→ **Problem details**
Look in the data below for the line that has "a wooden cutting", then print exactly every line from there through the line that has "a playground with", leaving pictures out.

→ **Supplied information**

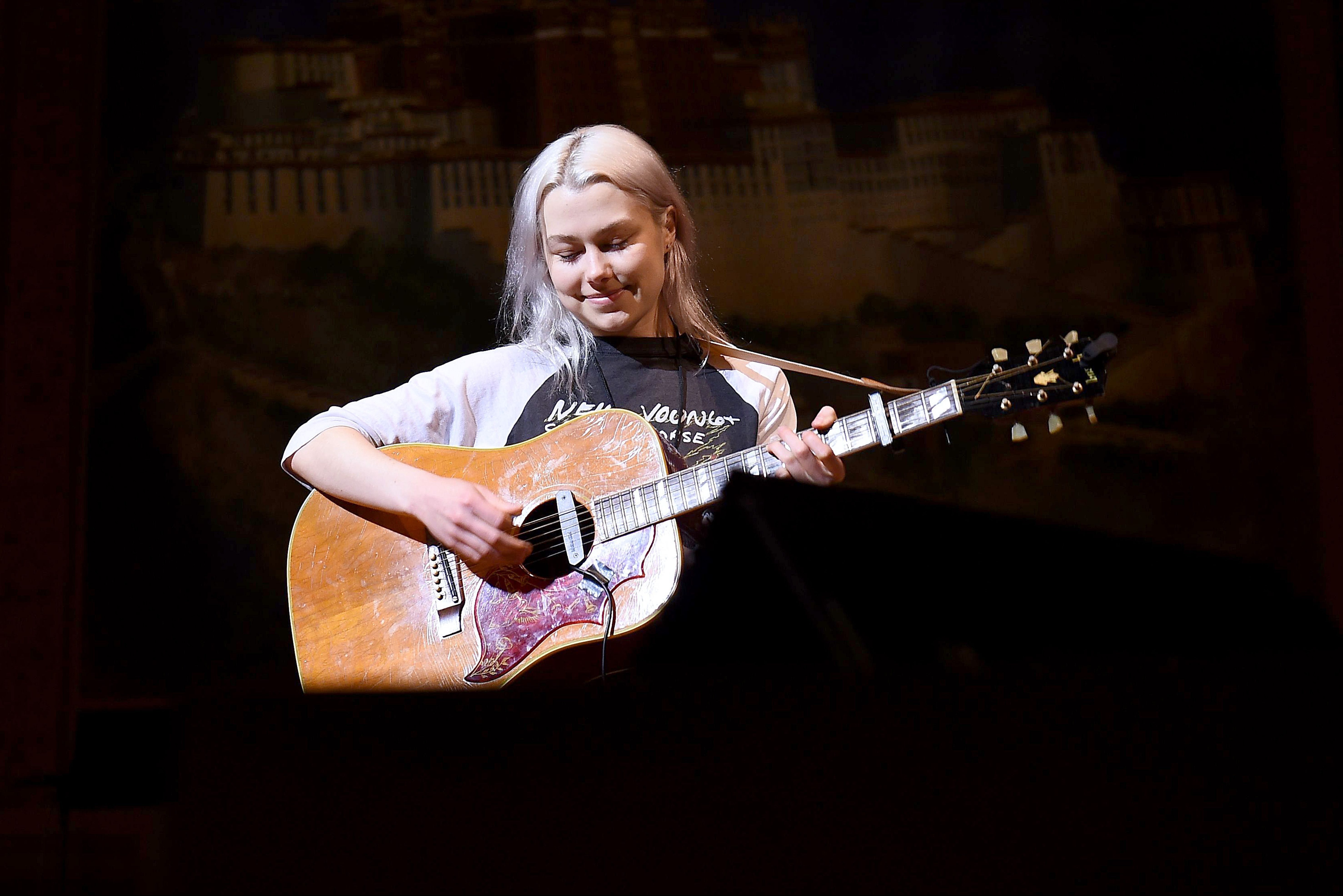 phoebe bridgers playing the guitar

...

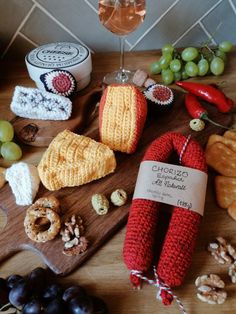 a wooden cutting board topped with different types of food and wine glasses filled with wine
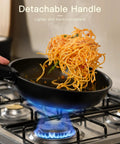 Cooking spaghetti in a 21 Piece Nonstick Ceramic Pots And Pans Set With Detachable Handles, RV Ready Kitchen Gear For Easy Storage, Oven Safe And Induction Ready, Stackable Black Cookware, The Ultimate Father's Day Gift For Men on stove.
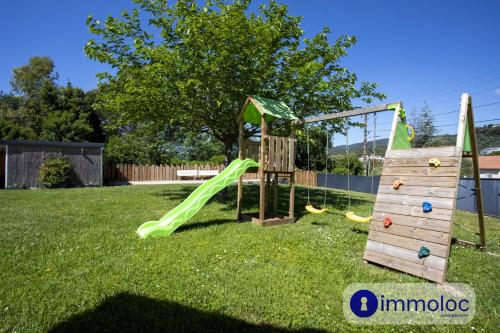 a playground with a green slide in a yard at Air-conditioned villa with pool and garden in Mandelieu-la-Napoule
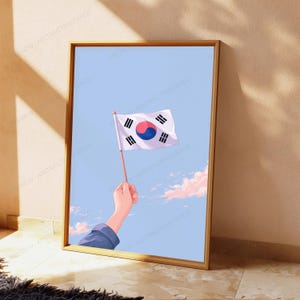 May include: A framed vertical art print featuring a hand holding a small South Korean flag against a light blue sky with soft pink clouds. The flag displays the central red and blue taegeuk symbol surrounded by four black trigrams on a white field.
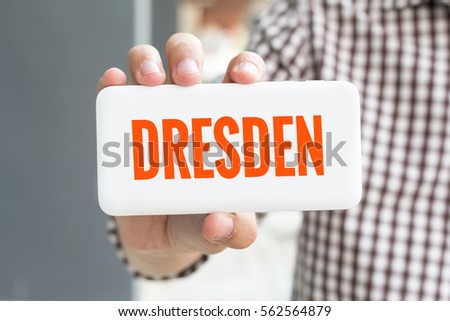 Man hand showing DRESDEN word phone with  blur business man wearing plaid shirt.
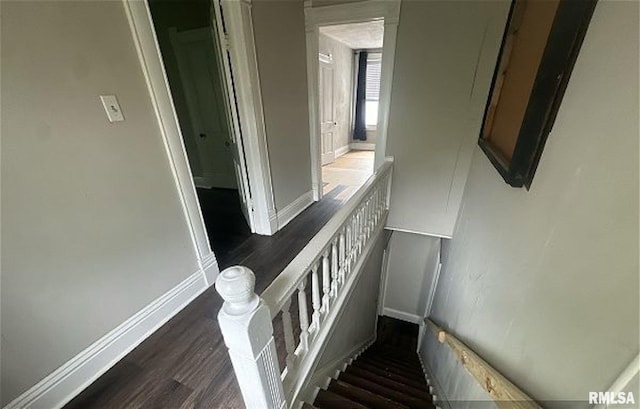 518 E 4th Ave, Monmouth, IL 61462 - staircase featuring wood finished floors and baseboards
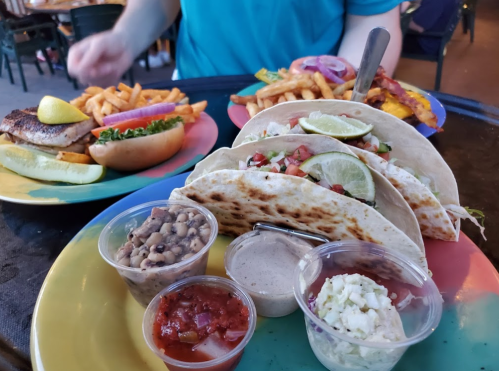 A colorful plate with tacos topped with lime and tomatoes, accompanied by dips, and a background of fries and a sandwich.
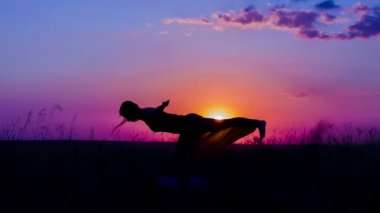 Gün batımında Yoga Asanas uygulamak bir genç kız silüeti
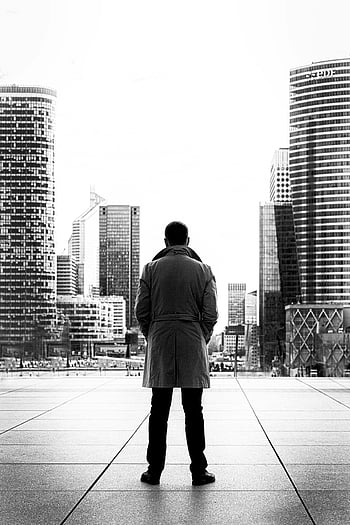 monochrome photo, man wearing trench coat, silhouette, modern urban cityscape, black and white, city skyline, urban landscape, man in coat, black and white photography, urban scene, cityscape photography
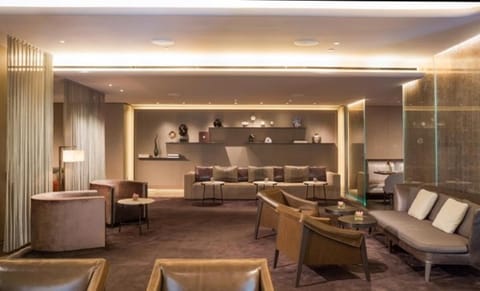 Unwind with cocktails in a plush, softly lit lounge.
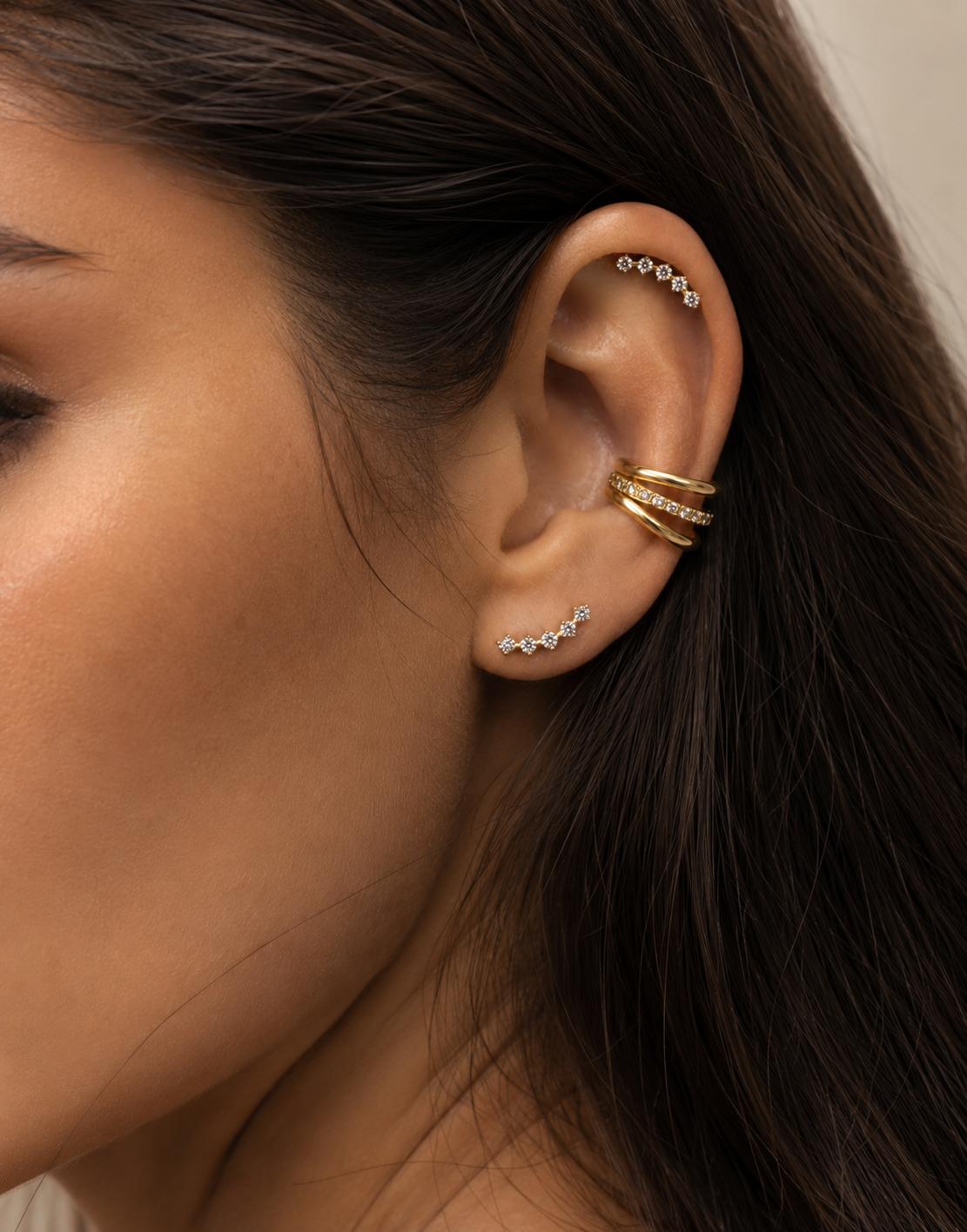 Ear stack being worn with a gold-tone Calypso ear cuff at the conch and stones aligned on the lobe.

→ **Exercise answer**
 a wooden cutting board topped with different types of food and wine glasses filled with wine
 Cooking spaghetti in a 21 Piece Nonstick Ceramic Pots And Pans Set With Detachable Handles, RV Ready Kitchen Gear For Easy Storage, Oven Safe And Induction Ready, Stackable Black Cookware, The Ultimate Father's Day Gift For Men on stove.
 a playground with a green slide in a yard at Air-conditioned villa with pool and garden in Mandelieu-la-Napoule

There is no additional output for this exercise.